Most South African original equipment manufacturers (OEMs) will guarantee their Euro-5 trucks only if run on clean diesel –
50 parts per million (ppm). “Well, 50 ppm diesel is now available at more and more fuel depots, truck stops and petrol stations,” continues Hime. “The Department of Energy has gazetted the specifications of the new Euro-5 diesel (10 ppm) for importation beginning 2013. The refineries have been given notice to upgrade their refineries by 2017 to produce Euro-5 diesel. One of the OEMs has given the green light to operate their truck on the old spec diesel of 500 ppm. So why are we not going for it?
“Well, like anything new that costs a bit extra, we apparently need legislation to force us to comply. This does not say much for our corporate responsibility, does it? We need to urgently come to terms with our responsibility to mitigate and reduce the effects of global warming. We must fight the temptation to only ‘go with the flow’ once legislation has been passed. We have to learn to contribute to our nation’s well-being without being forced to do so by our government.”
This is a contribution to healthy living in South Africa in which business needs to play a leading role.
“We are the biggest carbon-emitting country in Africa and the 13th largest in the world!” says Hime. “The excuse that
50 ppm diesel is not freely available all over South Africa is not good enough, since most major cities and transport routes do have the cleaner diesel – and wherever this cleaner fuel is available, Euro-5 trucks should be running. India and China have emission control laws sometimes just covering specific geographical areas for exactly the same reason.”

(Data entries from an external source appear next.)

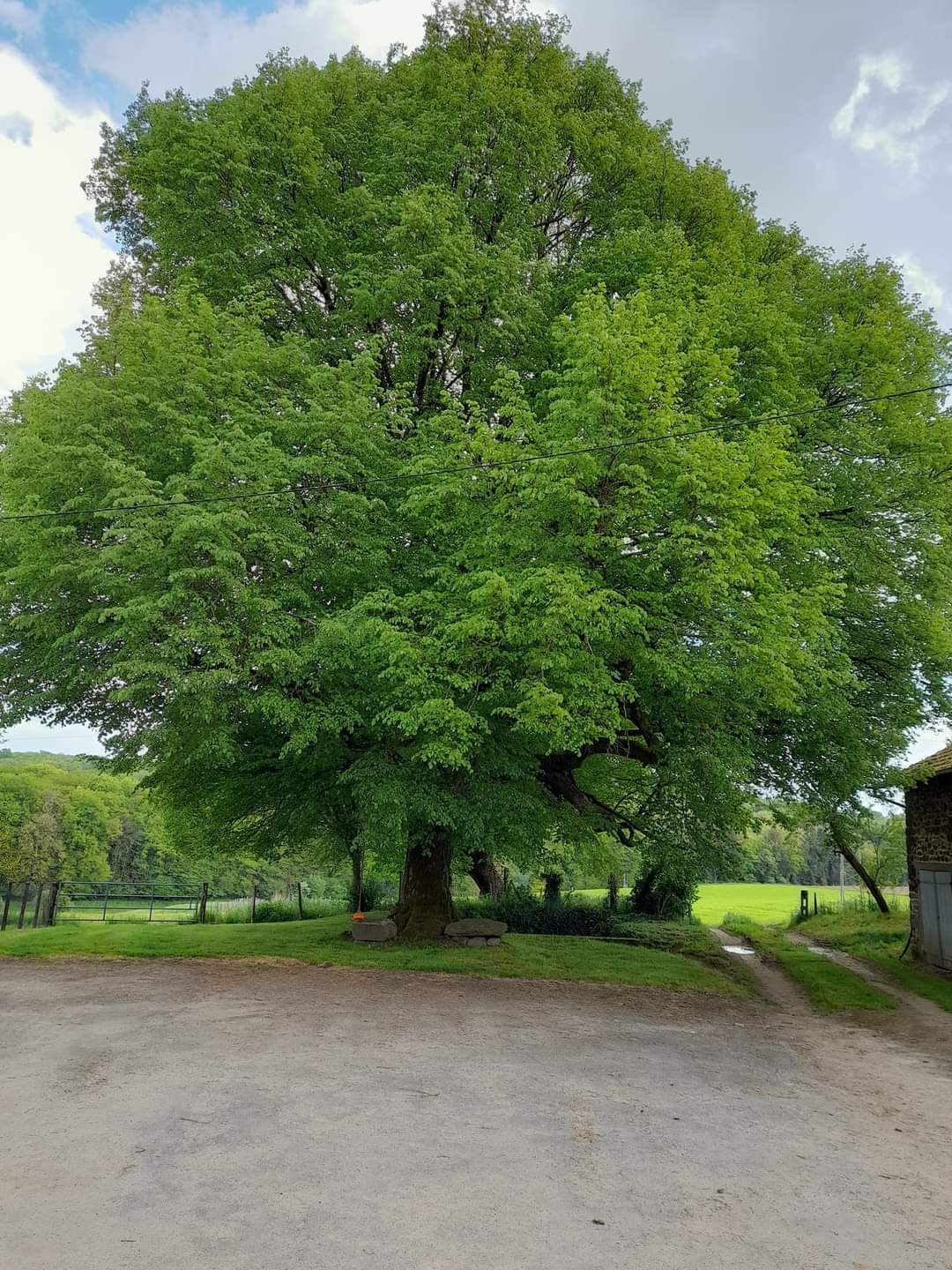 Le gîte du Tilleul, Bujaleuf - photo 2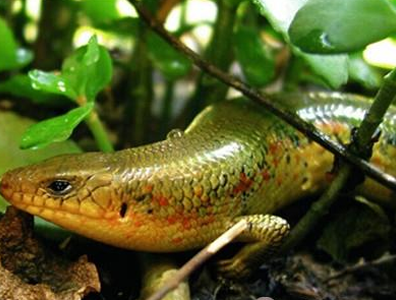 中华石龙子怎么养 注意疾病的预防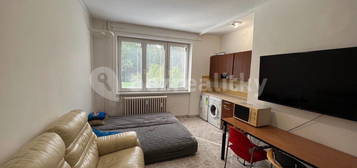 Prodej bytu 1+kk 27 m², U Lesa, Karviná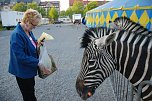 Circus Rolina gastiert in Nordhausen  (Foto: nnz-City Scout: Sven G&auml;mkow)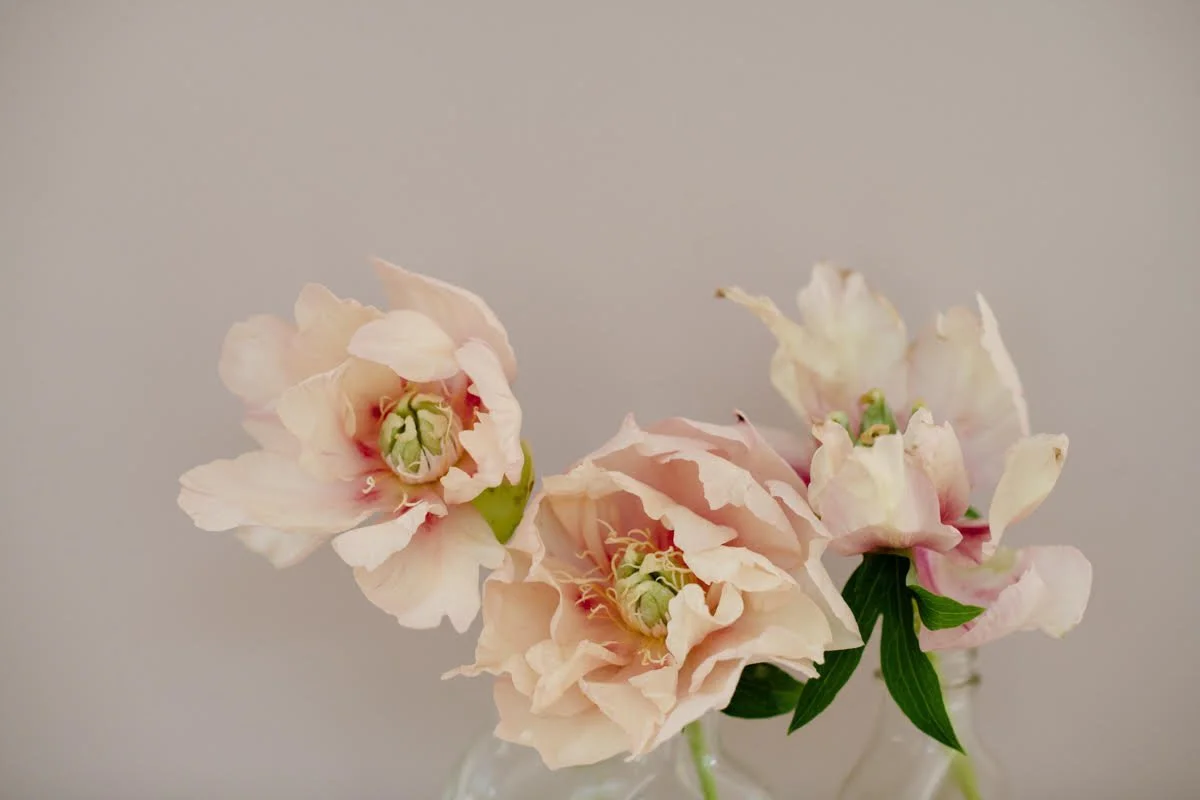 Peonies - Vanessa Filley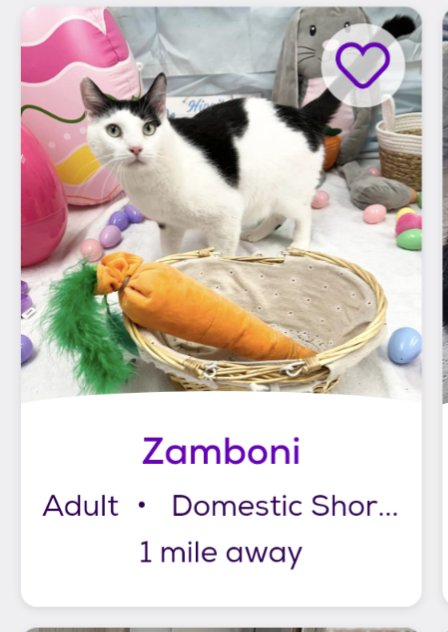 The only Zamboni I will ever need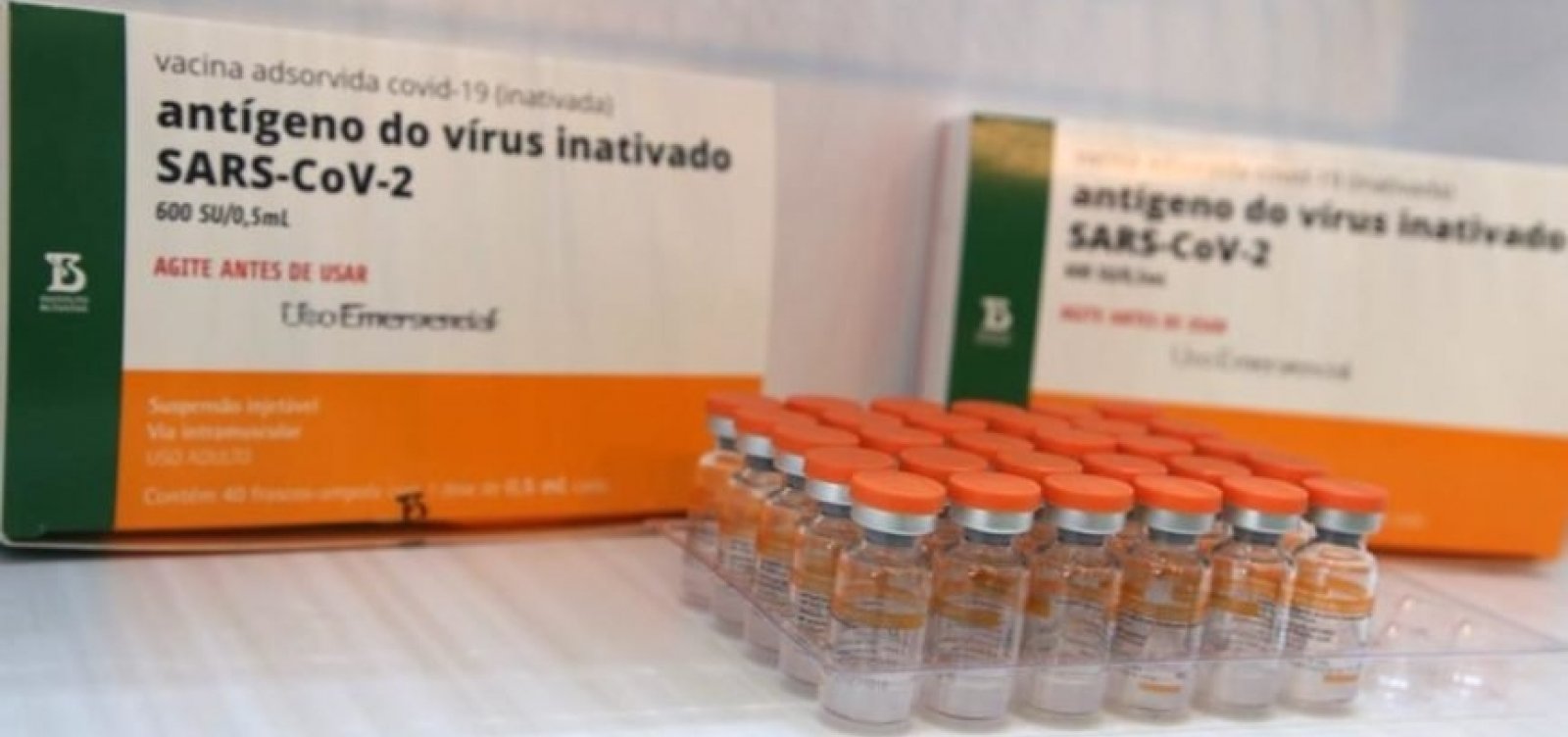 João Pessoa recebe doses de CoronaVac e volta a imunizar crianças de 3 e 4 anos de idade contra a Covid-19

According to Hime, running the Euro-5 fleet would entail no extra running costs other than the variance between the standard diesel and the 50 ppm diesel. “The emission system consumes AdBlue, of which the cost is more than compensated for by the reduction in the use of diesel. And that is what we are aiming to achieve – the reduction in the use of hydrocarbons to reduce the CO2 emissions.”
Hime feels passionately that businesses should take a stand in making sure that their transporters, or their own fleet of vehicles, are at least Euro-5 compliant. “Then we could reduce the 27 percent carbon emissions contributed by the transport sector in South Africa to almost zero. By just starting simple, the transport sector can reduce these emissions without having to look at expensive alternative renewable fuels. Nor would it have to grapple with hugely expensive alternative transport modes such as electric or gas-operated vehicles. It’s time to make a conscious decision – we need to weigh corporate profit against corporate responsibility,” he concludes.

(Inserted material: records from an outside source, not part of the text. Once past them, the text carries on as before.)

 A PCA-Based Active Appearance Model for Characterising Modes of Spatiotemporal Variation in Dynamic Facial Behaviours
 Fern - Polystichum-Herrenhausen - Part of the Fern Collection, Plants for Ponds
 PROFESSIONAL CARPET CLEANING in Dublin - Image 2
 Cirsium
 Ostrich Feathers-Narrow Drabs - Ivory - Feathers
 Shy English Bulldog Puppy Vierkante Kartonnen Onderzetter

Some manufacturers are already doing so. MAN Truck & Bus, for example, made use of AdBlue in its TGS 26.480 6×4 BLS vehicle during its Consistently Efficient Tour last year. The vehicle was Euro-5 compliant, while running on 500 ppm diesel with AdBlue.
So, although our European and North American counterparts may have a head start in striving towards Euro-6 compliance, with progressive thinking on the part of the OEMs, increased awareness, and the use of products like AdBlue, South Africa need not be too far behind.